• DATASET CONTENT
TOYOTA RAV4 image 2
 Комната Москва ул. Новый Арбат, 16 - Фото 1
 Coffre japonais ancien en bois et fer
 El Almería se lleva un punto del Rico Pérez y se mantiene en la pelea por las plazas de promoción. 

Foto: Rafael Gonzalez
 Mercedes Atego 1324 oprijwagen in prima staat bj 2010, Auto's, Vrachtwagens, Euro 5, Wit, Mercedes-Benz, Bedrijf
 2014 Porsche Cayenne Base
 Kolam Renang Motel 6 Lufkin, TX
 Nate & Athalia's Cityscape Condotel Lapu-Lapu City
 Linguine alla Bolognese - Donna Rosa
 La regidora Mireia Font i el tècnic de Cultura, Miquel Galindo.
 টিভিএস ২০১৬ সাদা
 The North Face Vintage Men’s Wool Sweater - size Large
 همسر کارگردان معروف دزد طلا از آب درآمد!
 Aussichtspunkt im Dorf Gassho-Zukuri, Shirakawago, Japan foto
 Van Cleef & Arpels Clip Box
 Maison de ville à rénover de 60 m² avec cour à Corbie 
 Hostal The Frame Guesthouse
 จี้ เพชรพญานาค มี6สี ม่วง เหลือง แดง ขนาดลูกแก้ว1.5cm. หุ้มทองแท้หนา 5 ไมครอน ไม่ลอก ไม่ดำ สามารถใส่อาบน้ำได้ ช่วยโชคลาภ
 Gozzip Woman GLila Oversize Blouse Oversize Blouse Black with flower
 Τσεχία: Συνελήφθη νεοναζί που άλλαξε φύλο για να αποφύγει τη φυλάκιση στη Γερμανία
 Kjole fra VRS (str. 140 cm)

• WHAT YOU WILL DO
Could you restate word for word the lines above from the one containing "Coffre japonais ancien en bois et fer" through the one containing "La regidora Mireia", both included, and nothing else?

• SOLUTION
 Coffre japonais ancien en bois et fer
 El Almería se lleva un punto del Rico Pérez y se mantiene en la pelea por las plazas de promoción. 

Foto: Rafael Gonzalez
 Mercedes Atego 1324 oprijwagen in prima staat bj 2010, Auto's, Vrachtwagens, Euro 5, Wit, Mercedes-Benz, Bedrijf
 2014 Porsche Cayenne Base
 Kolam Renang Motel 6 Lufkin, TX
 Nate & Athalia's Cityscape Condotel Lapu-Lapu City
 Linguine alla Bolognese - Donna Rosa
 La regidora Mireia Font i el tècnic de Cultura, Miquel Galindo.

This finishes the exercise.